Wanneer ik tijdens een zonnige middagpauze bij ’t Bobijntje in Gent langsga om een paar verstelde jeansbroeken op te pikken, krijg ik ineens de ingeving om nog even verder te wandelen tot bij Avalon. Al lang wil ik er – onder meer door de veelvuldige odes van collega Kasper voor de portobelloburgers – eens lunchen en gelukkig blijkt dat zonder reservatie te kunnen. Hoewel het terras gedekt staat, kies ik voor een binnentafel.

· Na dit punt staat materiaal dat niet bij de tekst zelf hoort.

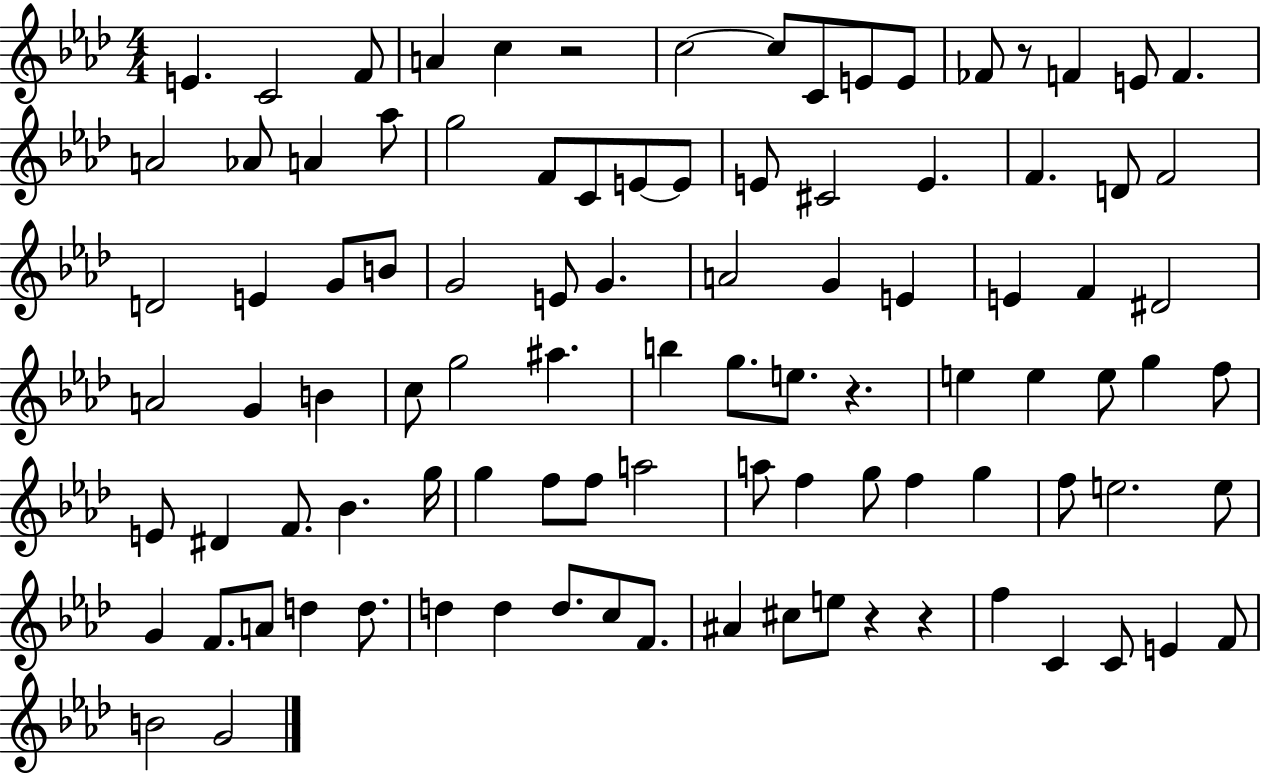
{
  \clef treble
  \numericTimeSignature
  \time 4/4
  \key aes \major
  e'4. c'2 f'8 | a'4 c''4 r2 | c''2~~ c''8 c'8 e'8 e'8 | fes'8 r8 f'4 e'8 f'4. | \break a'2 aes'8 a'4 aes''8 | g''2 f'8 c'8 e'8~~ e'8 | e'8 cis'2 e'4. | f'4. d'8 f'2 | \break d'2 e'4 g'8 b'8 | g'2 e'8 g'4. | a'2 g'4 e'4 | e'4 f'4 dis'2 | \break a'2 g'4 b'4 | c''8 g''2 ais''4. | b''4 g''8. e''8. r4. | e''4 e''4 e''8 g''4 f''8 | \break e'8 dis'4 f'8. bes'4. g''16 | g''4 f''8 f''8 a''2 | a''8 f''4 g''8 f''4 g''4 | f''8 e''2. e''8 | \break g'4 f'8. a'8 d''4 d''8. | d''4 d''4 d''8. c''8 f'8. | ais'4 cis''8 e''8 r4 r4 | f''4 c'4 c'8 e'4 f'8 | \break b'2 g'2 | \bar "|."
}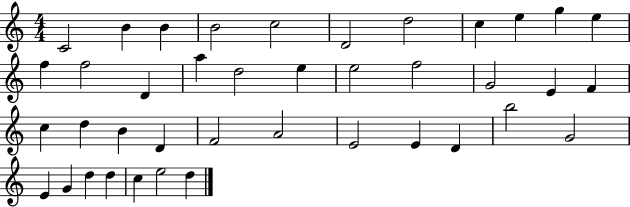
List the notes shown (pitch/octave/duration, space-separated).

C4/h B4/q B4/q B4/h C5/h D4/h D5/h C5/q E5/q G5/q E5/q F5/q F5/h D4/q A5/q D5/h E5/q E5/h F5/h G4/h E4/q F4/q C5/q D5/q B4/q D4/q F4/h A4/h E4/h E4/q D4/q B5/h G4/h E4/q G4/q D5/q D5/q C5/q E5/h D5/q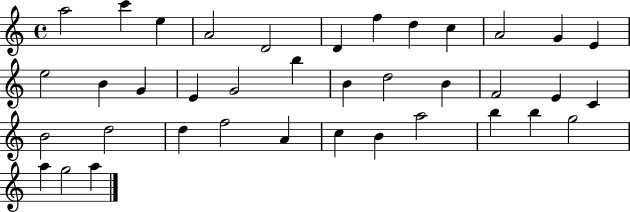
A5/h C6/q E5/q A4/h D4/h D4/q F5/q D5/q C5/q A4/h G4/q E4/q E5/h B4/q G4/q E4/q G4/h B5/q B4/q D5/h B4/q F4/h E4/q C4/q B4/h D5/h D5/q F5/h A4/q C5/q B4/q A5/h B5/q B5/q G5/h A5/q G5/h A5/q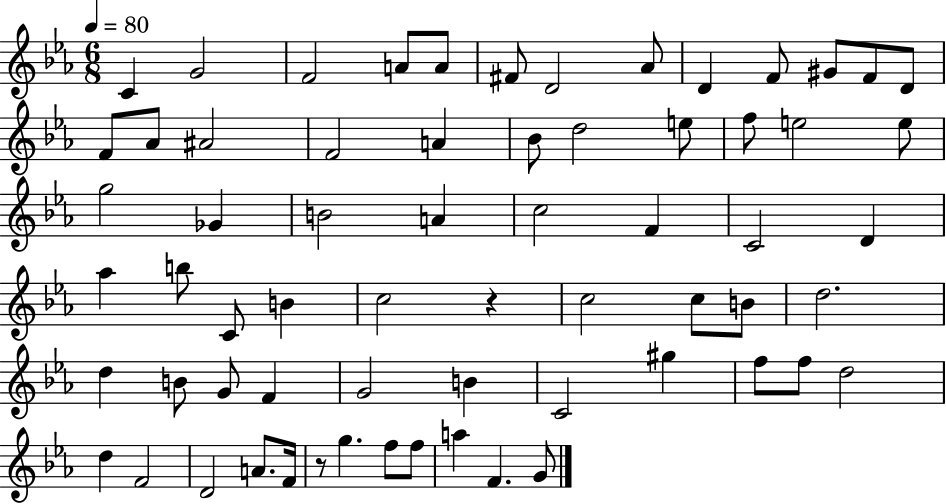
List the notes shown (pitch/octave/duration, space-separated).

C4/q G4/h F4/h A4/e A4/e F#4/e D4/h Ab4/e D4/q F4/e G#4/e F4/e D4/e F4/e Ab4/e A#4/h F4/h A4/q Bb4/e D5/h E5/e F5/e E5/h E5/e G5/h Gb4/q B4/h A4/q C5/h F4/q C4/h D4/q Ab5/q B5/e C4/e B4/q C5/h R/q C5/h C5/e B4/e D5/h. D5/q B4/e G4/e F4/q G4/h B4/q C4/h G#5/q F5/e F5/e D5/h D5/q F4/h D4/h A4/e. F4/s R/e G5/q. F5/e F5/e A5/q F4/q. G4/e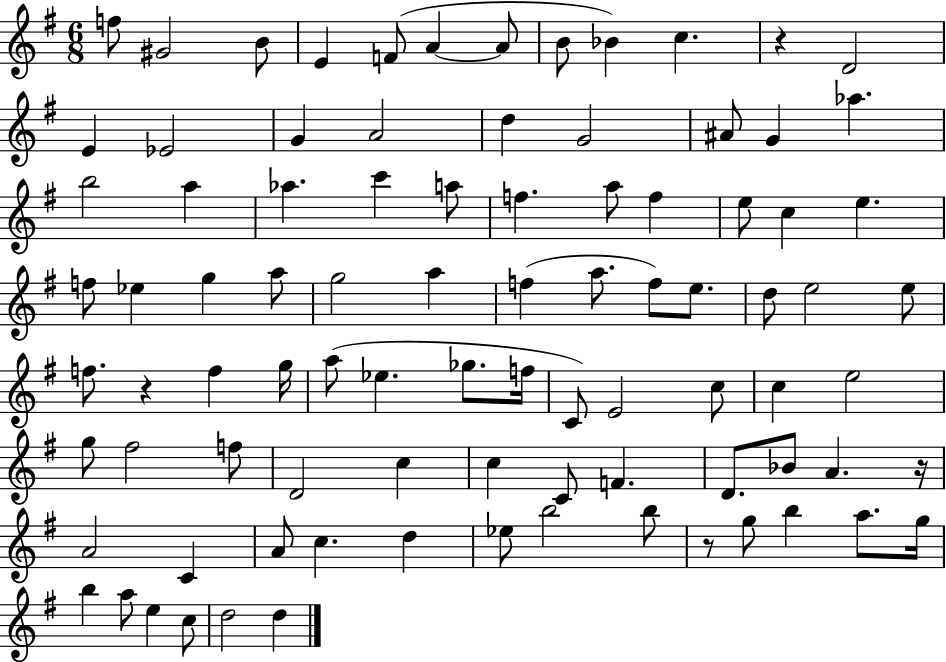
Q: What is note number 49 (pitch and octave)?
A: Eb5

Ik merk het krijtbord bij de ingang niet meteen op en bestel toch met blind vertrouwen de dagschotel (€ 15,60). Daarbij wil ik best een glaasje biologisch fris: gemberlimonade van Whole Earth. Ik blader tijdens het (niet erg lange) wachten door wat fairtrade folders en kijk goedkeurend rond in de grote zaak die – het terras even buiten beschouwing gelaten – bestaat uit drie verschillende kamers waar telkens een paar tafels gevuld zijn.
Wat staat er op het menu?
Mijn eerste indruk van het vlees- en visloze bord dat voor mij staat, is: “Eindelijk! Een veggie dagschotel die het niveau van ‘kwakjes’ overstijgt…”. De chef neemt duidelijk de moeite om na te denken over een mooi en kleurrijk palet. Dat apprecieer ik absoluut!
De watermeloen in combinatie met de cashewnoten verrast. De paprikasaus, daar wil ik nog wel een paar lepels van. En toch had ik er op de één of andere manier net iets meer van verwacht… Ik mis diepte en (een oud zeer bij dergelijke schotels) samenhang. Dat kan wellicht ongelofelijk hautain klinken als het om iets eenvoudigs als een vegetarische dagschotel – die overigens tot de beste van Gent mag gerekend worden – gaat.
Maar ik heb mij laten vertellen dat eerlijk het langst duurt. En Avalon mag wat mij betreft nog erg lang duren… Ik kom er zeker nog – al zou ’s avonds open zijn dat herhaalbezoek gevoelig kunnen bespoedigen.